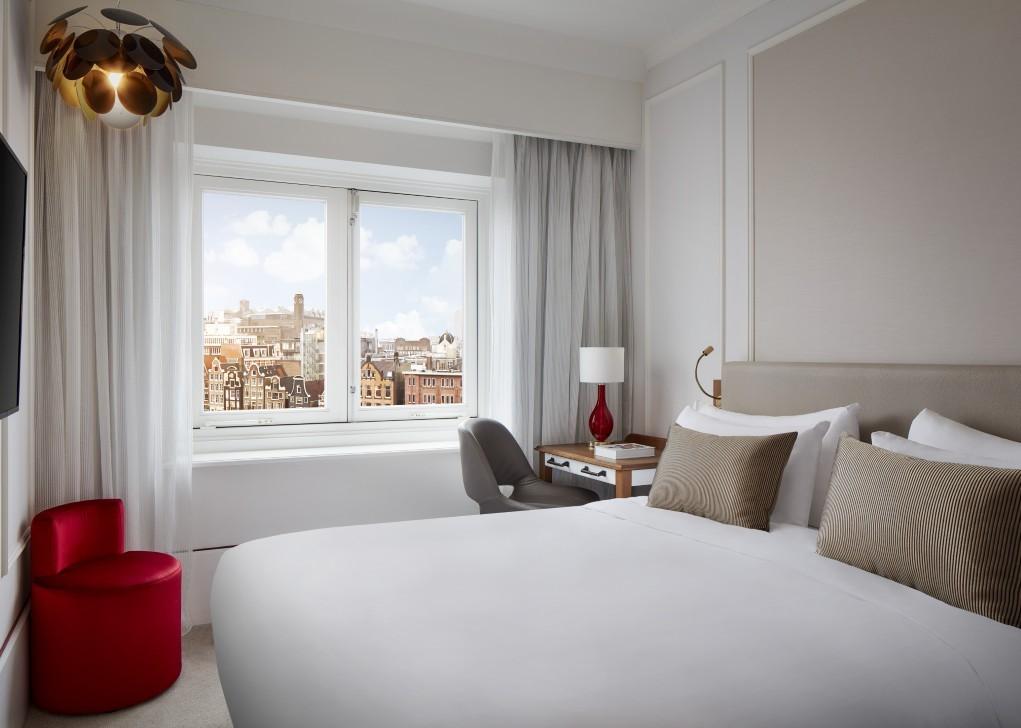 SUPERIOR ROOM WITH CITY VIEW AND BALCONY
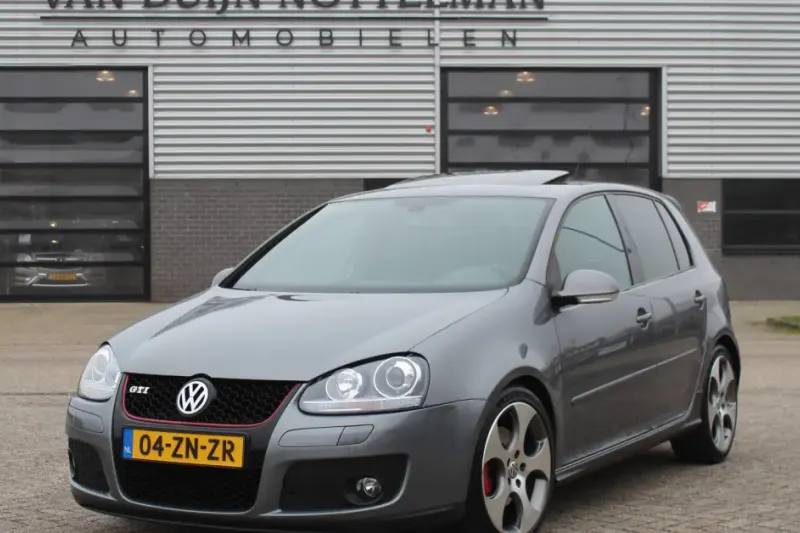 Volkswagen Golf (2008)
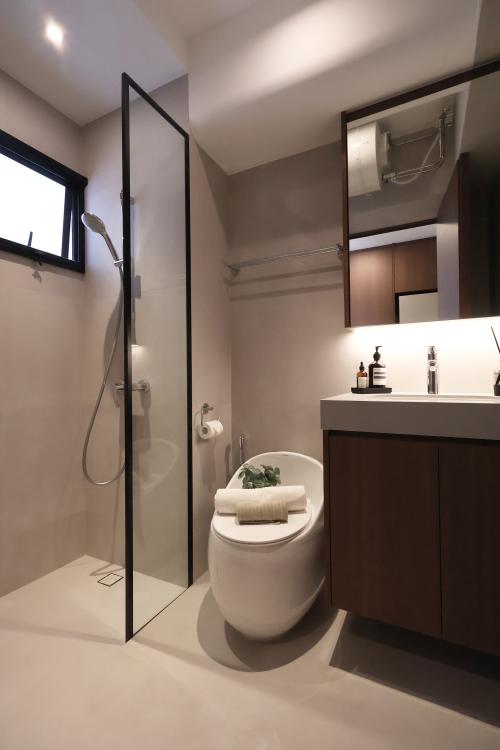 Modern Bathroom at Resale 4 Room HDB @ Tanglin Halt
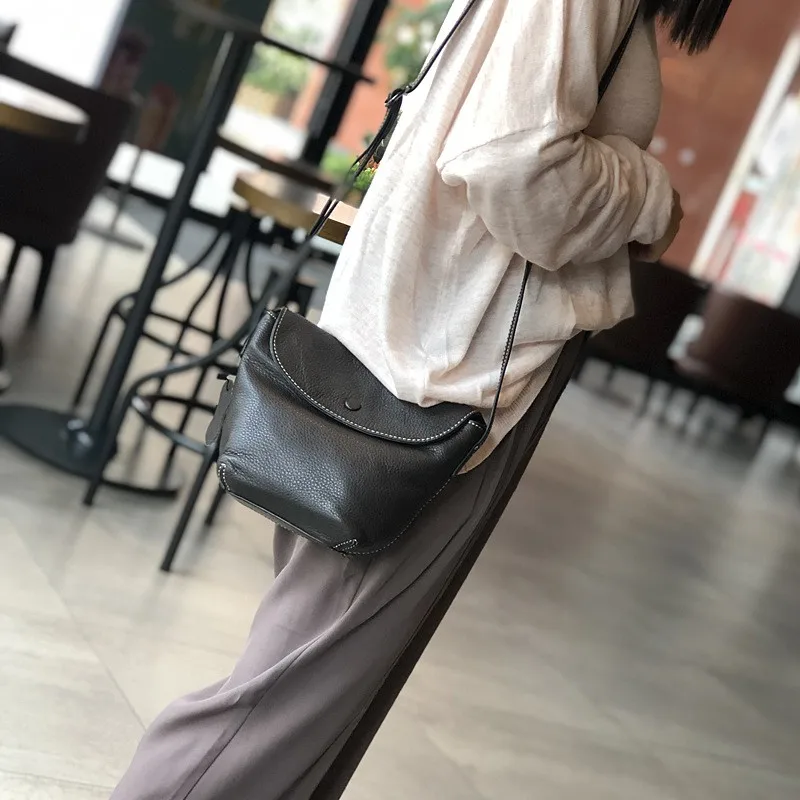 

Vintage Women Casual Genuine Leather Small Pouch Shoulder Bag Ladies Retro Slung Crossbody Bags Mini Packing Bolsa Feminina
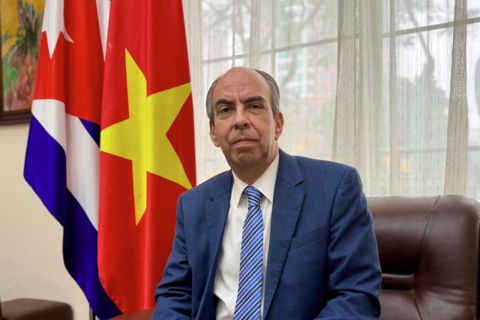 <a href="/tin-24h" title="Tin 24h" rel="dofollow">Tin 24h</a>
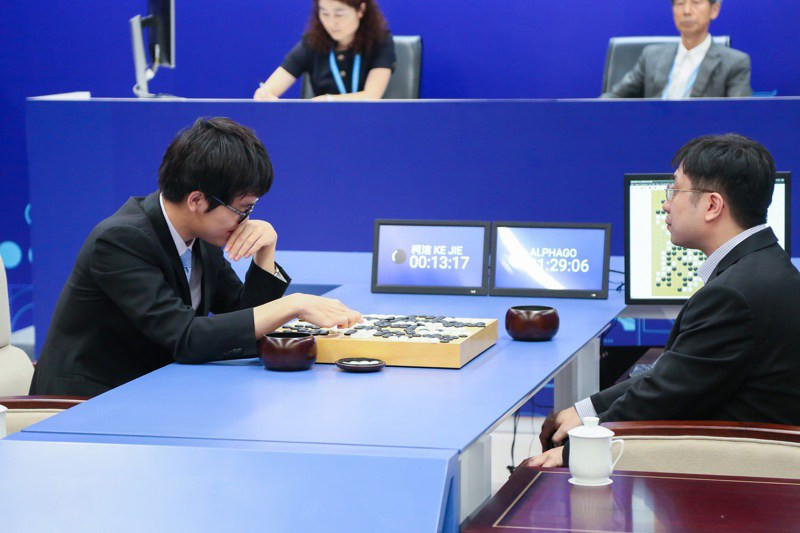 乌镇围棋峰会人机大战AlphaGo2.0取下首胜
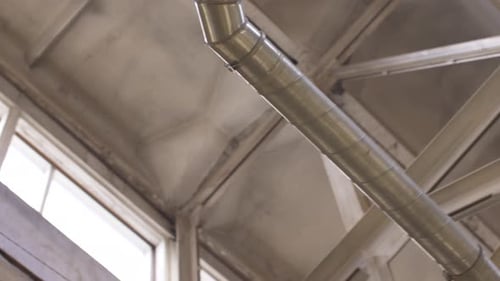 Industrie-, Herstellungs- und Produktionskonzept - Lüftungsrohrsystem in der Werkstatt oder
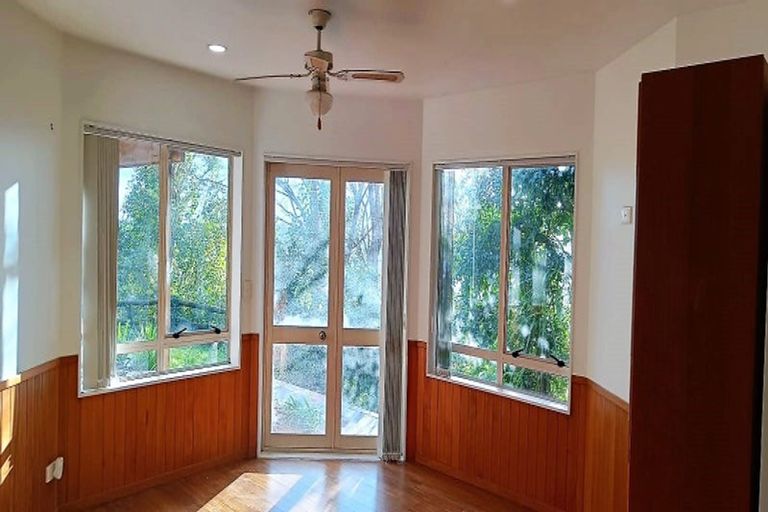 Photo of property in 1/149a Glengarry Road, Glen Eden, Auckland, 0602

Task objective >> Give back every line of the material above word for word, leaving out the pictures.

Solution to this exercise >>
 SUPERIOR ROOM WITH CITY VIEW AND BALCONY
 Volkswagen Golf (2008)
 Modern Bathroom at Resale 4 Room HDB @ Tanglin Halt

Vintage Women Casual Genuine Leather Small Pouch Shoulder Bag Ladies Retro Slung Crossbody Bags Mini Packing Bolsa Feminina
 <a href="/tin-24h" title="Tin 24h" rel="dofollow">Tin 24h</a>
 乌镇围棋峰会人机大战AlphaGo2.0取下首胜
 Industrie-, Herstellungs- und Produktionskonzept - Lüftungsrohrsystem in der Werkstatt oder
 Photo of property in 1/149a Glengarry Road, Glen Eden, Auckland, 0602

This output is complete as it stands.